Low interest rates no help to buyers
Average earners would need to save for an additional five months to get a first-home deposit together compared to just a year ago, Stuff’s new housing affordability dashboard shows.
Housing commentators say that with prices set to escalate further for at least the first half of 2021, would-be buyers shut out of the market will not be able to take advantage of the record low interest rates that are making mortgages more affordable.
Stuff’s dashboard, based on data supplied by CoreLogic and Infometrics, measures two crucial hurdles facing first-home buyers: how long it takes to save a deposit for the average first home, and the affordability of mortgage repayments on that property.
Between November 2020 and December 2020, both affordability measures actually improved.

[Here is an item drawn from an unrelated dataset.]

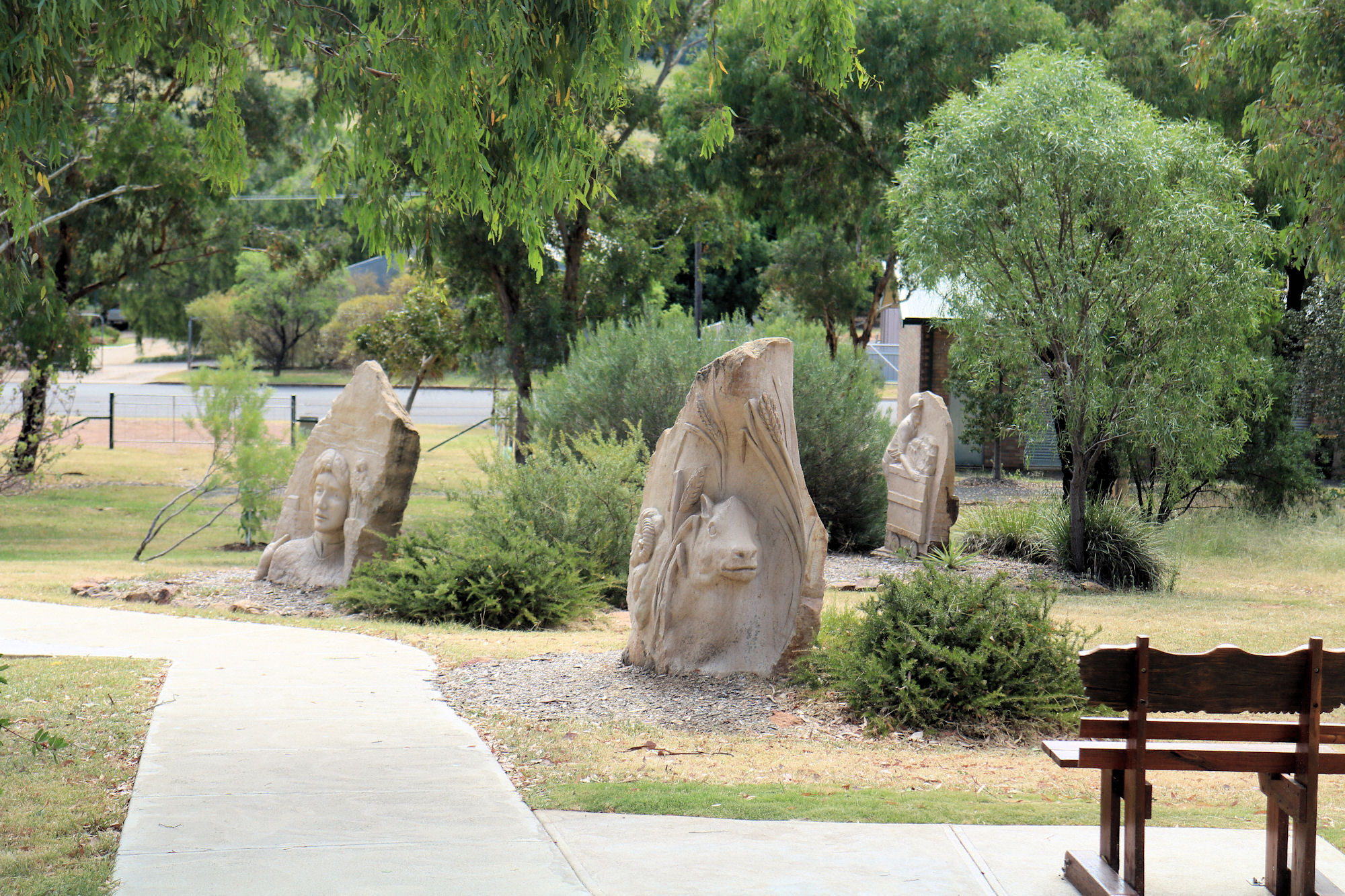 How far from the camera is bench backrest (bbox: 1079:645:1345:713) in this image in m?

This was almost entirely due to a slight dip in the median price paid by firsthome buyers, from $625,000 in November to $615,000 in December.
The weeks of required saving
(30 per cent of the median household income) fell from 229 weeks to 225 weeks, and the fortnightly repayments on the median first-home price dropped from $904 to $888.
Year-on-year, affordability has significantly worsened, though.
The median price increased by
$70,000 between December 2019 and December 2020, while incomes barely shifted.
This meant that compared to December 2019, a median income household would need to save for an extra 22 weeks to get together the necessary deposit – 225 weeks, compared to 203 weeks.
Independent economist Shamubeel Eaqub said the year-onyear change in required savings was the most important thing to consider.
‘‘Yes, interest rates have fallen, but the time to save a deposit is just getting longer and longer – that’s the biggest barrier for people, particularly for first-home buyers.’’
He was also concerned about the size of the mortgages households were taking on in order to get into housing.
CoreLogic’s senior property economist, Kelvin Davidson, said its analysis of purchased properties showed that first-home buyers were shifting towards smaller dwellings over time.
However, the drop in the median first-home price was a blip in a ‘‘rampant’’ upward trajectory, Davidson said.
There were limited new listings, and the economy was likely to start growing again in the next few months, he said. ‘‘The fundamentals are there for further growth in prices.’’
New regulations and restrictions could slow that down later in the year, though, with LVR restrictions almost certain to be reinstated on March 1, he said.